**Exercise requirements**
Restate word for word the entries below, starting at the line with "Ensemble de survêtement" and ending at the line with "Cottage | Private". Keep both end lines and omit the pictures.

**Data under study**
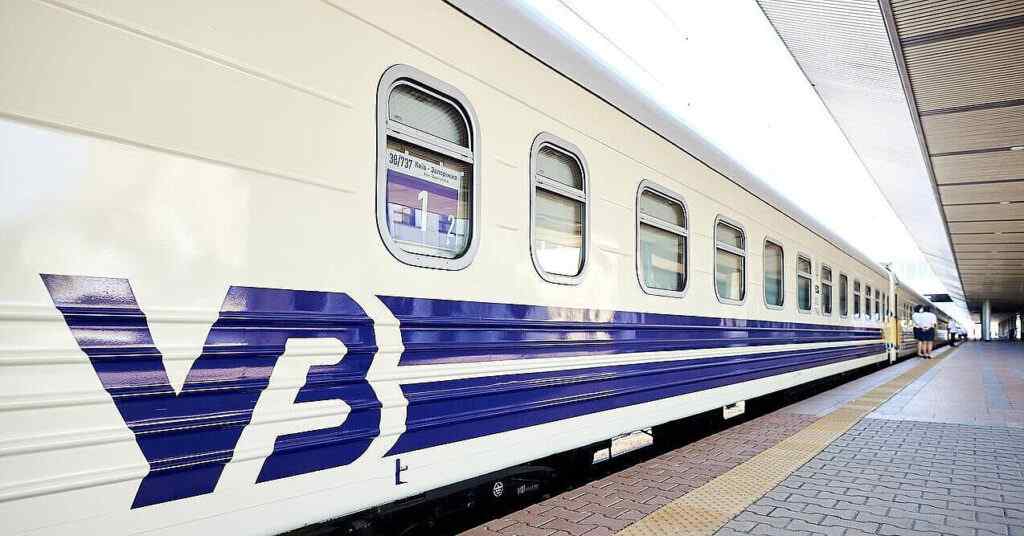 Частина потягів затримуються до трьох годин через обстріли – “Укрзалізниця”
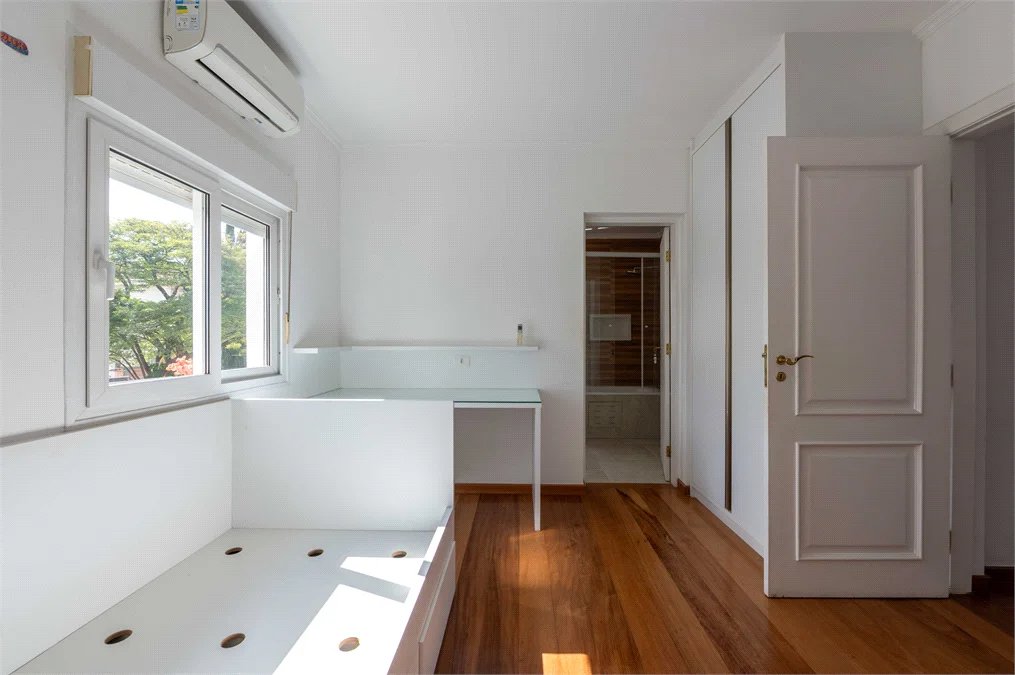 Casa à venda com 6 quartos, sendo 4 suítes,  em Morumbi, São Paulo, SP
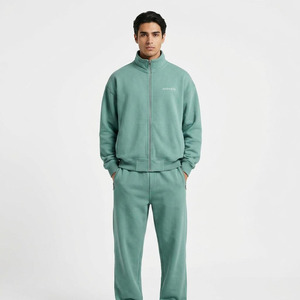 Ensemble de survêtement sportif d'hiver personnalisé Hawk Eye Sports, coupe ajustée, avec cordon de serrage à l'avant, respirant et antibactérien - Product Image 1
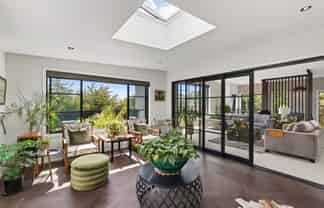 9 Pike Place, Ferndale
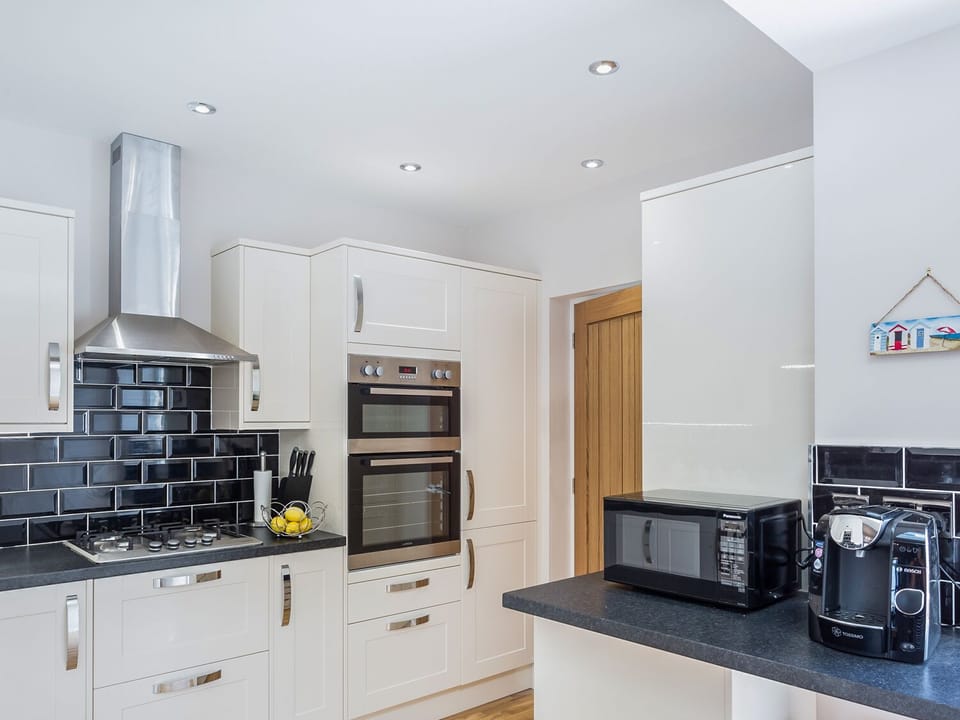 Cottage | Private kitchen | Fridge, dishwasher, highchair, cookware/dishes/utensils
--
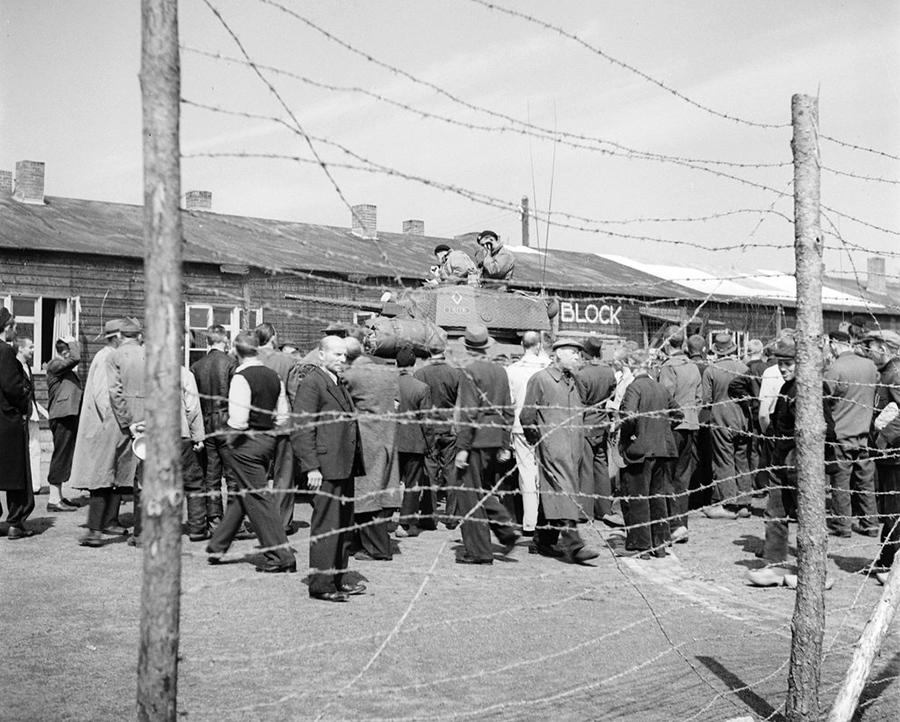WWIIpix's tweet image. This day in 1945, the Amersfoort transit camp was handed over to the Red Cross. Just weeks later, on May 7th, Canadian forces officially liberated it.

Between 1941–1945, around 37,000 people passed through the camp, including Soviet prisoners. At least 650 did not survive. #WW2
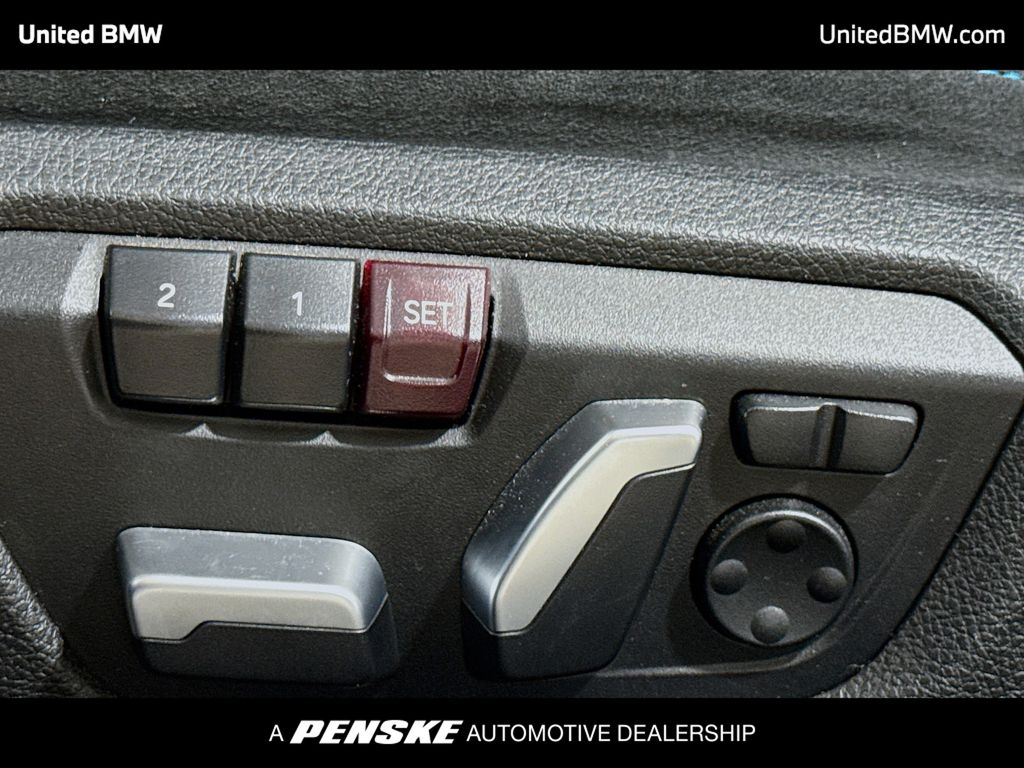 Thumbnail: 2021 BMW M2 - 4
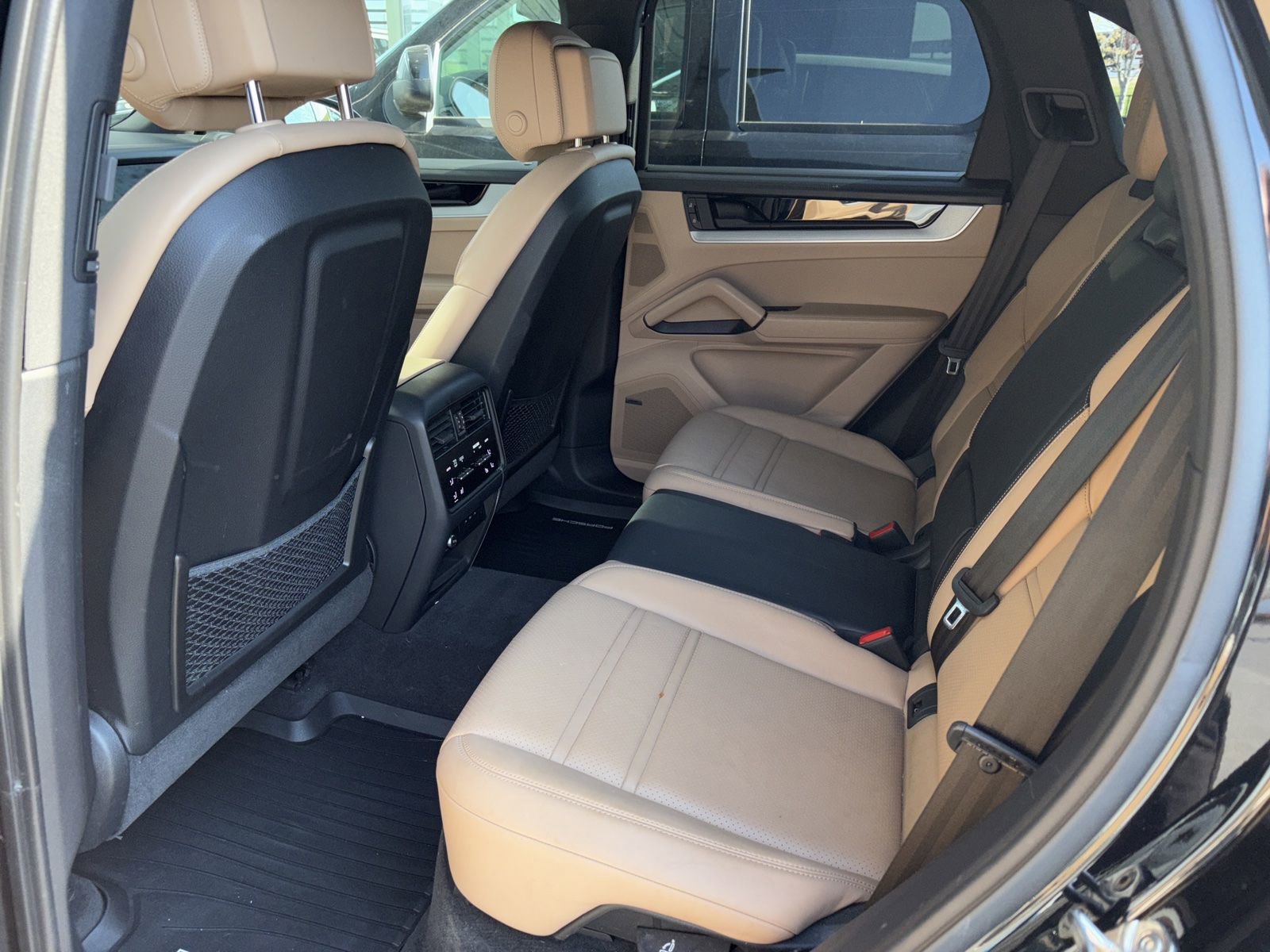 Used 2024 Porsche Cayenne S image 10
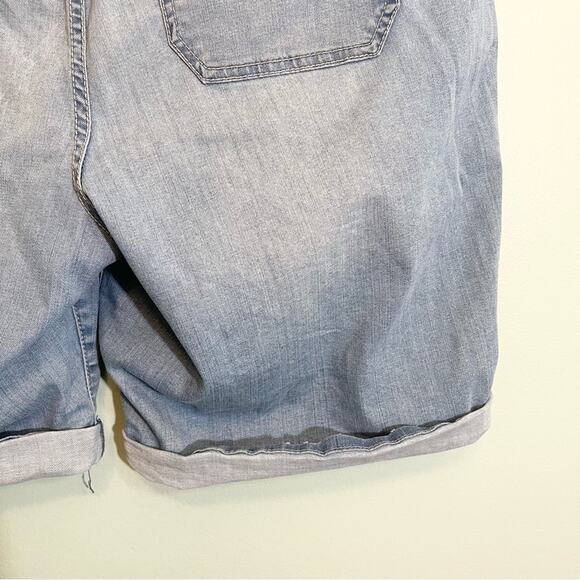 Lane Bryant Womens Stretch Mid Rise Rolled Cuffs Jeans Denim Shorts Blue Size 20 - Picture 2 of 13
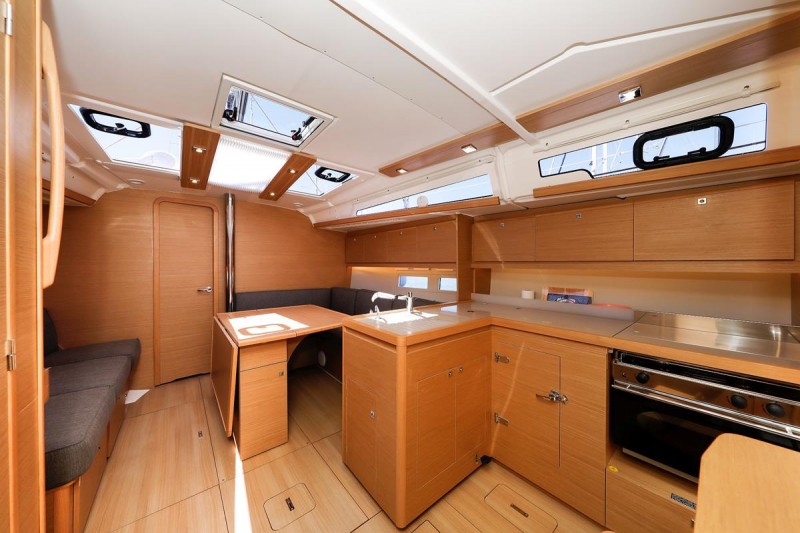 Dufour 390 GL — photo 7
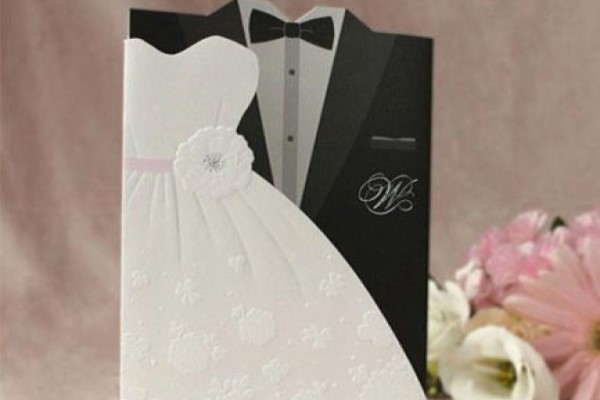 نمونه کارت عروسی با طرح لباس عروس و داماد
...
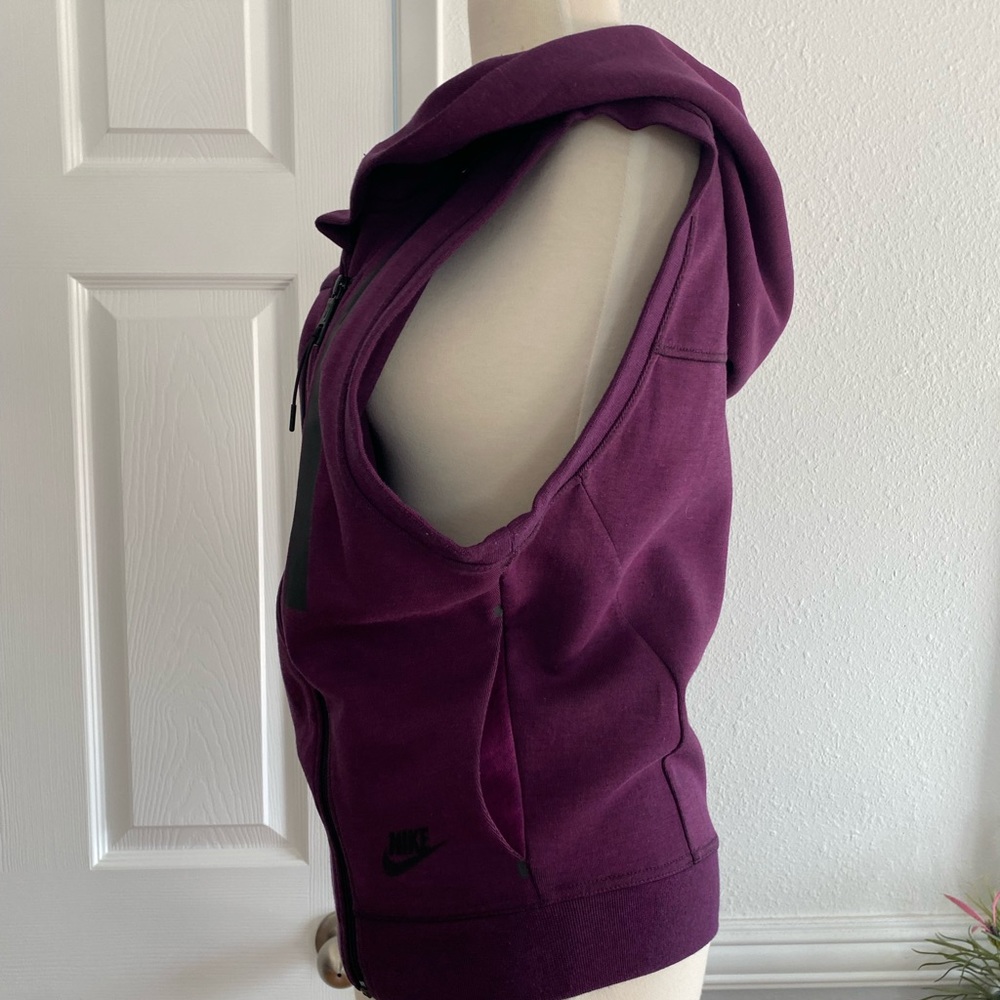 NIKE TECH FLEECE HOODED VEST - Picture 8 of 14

**Reply**
 Ensemble de survêtement sportif d'hiver personnalisé Hawk Eye Sports, coupe ajustée, avec cordon de serrage à l'avant, respirant et antibactérien - Product Image 1
 9 Pike Place, Ferndale
 Cottage | Private kitchen | Fridge, dishwasher, highchair, cookware/dishes/utensils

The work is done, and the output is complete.